**WHAT THE TASK REQUIRES**
Show all lines containing "Drive" from the data below.

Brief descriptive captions
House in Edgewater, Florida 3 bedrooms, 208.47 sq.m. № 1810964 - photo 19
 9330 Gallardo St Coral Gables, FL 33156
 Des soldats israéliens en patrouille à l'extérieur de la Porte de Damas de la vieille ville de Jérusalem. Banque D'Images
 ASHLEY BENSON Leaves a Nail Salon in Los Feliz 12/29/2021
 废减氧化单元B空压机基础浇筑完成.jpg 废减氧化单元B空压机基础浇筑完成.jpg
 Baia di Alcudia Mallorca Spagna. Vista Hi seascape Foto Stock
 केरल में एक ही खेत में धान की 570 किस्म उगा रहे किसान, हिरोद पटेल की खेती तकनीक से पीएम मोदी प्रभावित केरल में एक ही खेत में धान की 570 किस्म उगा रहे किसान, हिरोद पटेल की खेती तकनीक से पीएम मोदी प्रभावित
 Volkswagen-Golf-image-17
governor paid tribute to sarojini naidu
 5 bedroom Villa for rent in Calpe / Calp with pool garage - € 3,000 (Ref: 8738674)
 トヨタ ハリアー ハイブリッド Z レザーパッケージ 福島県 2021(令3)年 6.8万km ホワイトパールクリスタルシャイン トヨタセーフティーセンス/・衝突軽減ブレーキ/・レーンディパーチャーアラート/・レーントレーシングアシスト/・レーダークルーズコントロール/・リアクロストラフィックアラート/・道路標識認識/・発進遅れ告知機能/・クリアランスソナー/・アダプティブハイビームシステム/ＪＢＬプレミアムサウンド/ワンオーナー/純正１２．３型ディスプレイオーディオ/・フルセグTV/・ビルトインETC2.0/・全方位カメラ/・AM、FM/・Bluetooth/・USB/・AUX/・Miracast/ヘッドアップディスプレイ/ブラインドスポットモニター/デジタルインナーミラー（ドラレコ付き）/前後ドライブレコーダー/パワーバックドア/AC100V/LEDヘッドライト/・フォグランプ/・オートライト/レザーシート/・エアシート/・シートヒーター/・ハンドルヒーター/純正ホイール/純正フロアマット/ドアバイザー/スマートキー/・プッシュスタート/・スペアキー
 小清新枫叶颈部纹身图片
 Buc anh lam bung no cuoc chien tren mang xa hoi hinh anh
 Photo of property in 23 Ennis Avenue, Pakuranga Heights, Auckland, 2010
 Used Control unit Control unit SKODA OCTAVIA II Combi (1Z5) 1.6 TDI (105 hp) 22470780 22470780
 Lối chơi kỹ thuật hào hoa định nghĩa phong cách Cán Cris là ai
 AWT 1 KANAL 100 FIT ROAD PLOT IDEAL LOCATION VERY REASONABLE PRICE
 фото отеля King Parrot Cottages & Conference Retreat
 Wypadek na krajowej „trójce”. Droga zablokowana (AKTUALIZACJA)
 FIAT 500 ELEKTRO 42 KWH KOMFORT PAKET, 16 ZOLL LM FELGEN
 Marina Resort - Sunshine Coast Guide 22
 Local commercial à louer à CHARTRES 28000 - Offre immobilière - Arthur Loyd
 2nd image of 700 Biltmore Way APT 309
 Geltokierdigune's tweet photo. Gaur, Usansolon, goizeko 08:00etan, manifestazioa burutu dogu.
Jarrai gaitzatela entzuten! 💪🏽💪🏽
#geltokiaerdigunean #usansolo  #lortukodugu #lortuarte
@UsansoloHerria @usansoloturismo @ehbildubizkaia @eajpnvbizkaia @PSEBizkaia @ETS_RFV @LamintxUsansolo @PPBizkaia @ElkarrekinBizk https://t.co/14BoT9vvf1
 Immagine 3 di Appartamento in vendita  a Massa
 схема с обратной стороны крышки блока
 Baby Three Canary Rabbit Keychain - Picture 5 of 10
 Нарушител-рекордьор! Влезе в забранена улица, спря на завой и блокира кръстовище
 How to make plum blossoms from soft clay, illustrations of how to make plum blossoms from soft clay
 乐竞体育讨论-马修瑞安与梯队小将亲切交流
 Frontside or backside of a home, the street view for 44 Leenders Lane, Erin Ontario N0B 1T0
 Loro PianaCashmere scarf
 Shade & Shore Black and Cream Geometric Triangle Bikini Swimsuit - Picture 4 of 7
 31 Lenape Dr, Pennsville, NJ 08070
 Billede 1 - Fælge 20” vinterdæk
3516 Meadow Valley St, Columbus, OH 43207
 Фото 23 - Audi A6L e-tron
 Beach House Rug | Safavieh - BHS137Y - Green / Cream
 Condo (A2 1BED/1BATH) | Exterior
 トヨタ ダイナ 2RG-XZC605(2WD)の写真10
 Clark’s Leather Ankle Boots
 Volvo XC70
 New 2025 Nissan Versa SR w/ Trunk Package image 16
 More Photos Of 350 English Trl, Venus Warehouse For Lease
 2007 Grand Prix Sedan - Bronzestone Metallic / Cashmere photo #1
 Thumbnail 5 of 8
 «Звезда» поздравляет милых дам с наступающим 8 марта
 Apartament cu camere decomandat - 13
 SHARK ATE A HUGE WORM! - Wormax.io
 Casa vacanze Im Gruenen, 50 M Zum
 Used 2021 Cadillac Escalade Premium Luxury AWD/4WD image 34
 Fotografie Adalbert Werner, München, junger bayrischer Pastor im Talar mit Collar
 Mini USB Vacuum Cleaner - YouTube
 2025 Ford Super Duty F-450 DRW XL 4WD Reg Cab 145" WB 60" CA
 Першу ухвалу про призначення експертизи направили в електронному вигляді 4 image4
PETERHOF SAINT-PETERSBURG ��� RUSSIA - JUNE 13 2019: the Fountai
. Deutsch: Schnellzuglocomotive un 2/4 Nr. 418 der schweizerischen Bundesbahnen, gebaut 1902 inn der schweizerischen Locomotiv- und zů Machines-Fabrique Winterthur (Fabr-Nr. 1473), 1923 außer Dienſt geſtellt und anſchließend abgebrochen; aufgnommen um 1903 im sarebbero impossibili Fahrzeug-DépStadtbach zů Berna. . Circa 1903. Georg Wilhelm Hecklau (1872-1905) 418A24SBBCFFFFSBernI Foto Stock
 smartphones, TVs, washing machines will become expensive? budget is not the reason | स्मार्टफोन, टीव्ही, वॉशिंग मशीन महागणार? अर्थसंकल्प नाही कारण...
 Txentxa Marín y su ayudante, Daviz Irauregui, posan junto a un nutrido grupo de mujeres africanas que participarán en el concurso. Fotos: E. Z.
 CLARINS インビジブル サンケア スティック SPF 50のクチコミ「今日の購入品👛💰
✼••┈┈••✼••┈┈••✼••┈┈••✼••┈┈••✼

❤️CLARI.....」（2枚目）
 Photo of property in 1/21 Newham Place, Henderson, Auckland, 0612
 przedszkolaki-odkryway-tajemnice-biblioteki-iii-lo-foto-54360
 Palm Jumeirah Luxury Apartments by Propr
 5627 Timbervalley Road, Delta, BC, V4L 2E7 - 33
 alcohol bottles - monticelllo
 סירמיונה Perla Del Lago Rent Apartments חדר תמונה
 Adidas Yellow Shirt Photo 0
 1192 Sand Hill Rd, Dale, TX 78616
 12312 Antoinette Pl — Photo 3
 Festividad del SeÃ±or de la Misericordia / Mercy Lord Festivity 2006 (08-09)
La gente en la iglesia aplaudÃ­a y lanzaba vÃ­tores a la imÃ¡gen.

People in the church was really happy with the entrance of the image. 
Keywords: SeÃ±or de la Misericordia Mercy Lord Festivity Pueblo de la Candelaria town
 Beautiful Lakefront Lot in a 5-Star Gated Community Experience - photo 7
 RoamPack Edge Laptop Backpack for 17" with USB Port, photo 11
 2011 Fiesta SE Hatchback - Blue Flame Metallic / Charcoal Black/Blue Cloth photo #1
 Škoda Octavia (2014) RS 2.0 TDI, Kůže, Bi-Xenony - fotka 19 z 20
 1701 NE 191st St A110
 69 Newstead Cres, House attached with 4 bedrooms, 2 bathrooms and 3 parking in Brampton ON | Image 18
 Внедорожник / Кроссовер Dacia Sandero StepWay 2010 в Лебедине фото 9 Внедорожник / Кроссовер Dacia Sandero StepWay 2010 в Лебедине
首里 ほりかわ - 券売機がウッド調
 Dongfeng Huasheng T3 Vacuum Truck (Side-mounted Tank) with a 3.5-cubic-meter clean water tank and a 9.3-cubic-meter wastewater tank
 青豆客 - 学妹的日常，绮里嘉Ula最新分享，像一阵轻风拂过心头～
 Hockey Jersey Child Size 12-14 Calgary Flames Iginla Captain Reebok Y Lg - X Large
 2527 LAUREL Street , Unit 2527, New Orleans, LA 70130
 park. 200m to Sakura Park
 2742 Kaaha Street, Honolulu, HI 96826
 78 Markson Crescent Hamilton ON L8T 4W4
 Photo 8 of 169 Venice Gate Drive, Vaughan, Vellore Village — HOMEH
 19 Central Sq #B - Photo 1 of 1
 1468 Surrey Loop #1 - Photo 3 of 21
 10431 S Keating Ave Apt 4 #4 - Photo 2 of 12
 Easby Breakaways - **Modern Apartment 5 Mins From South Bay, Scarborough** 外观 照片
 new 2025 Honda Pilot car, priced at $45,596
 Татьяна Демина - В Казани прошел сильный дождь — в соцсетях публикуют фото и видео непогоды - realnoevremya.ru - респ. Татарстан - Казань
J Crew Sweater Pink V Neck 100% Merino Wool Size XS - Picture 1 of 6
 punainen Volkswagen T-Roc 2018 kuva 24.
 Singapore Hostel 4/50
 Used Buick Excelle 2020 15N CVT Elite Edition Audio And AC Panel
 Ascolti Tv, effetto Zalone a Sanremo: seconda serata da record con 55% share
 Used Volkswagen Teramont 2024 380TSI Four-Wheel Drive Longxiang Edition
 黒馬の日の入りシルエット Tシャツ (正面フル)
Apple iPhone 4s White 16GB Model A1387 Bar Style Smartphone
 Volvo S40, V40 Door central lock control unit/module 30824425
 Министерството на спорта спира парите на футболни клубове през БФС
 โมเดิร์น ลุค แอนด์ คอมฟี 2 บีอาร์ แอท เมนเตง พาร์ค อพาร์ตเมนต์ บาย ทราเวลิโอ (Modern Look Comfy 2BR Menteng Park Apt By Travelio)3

**TASK RESULT**
 Photo 8 of 169 Venice Gate Drive, Vaughan, Vellore Village — HOMEH
 Used Volkswagen Teramont 2024 380TSI Four-Wheel Drive Longxiang Edition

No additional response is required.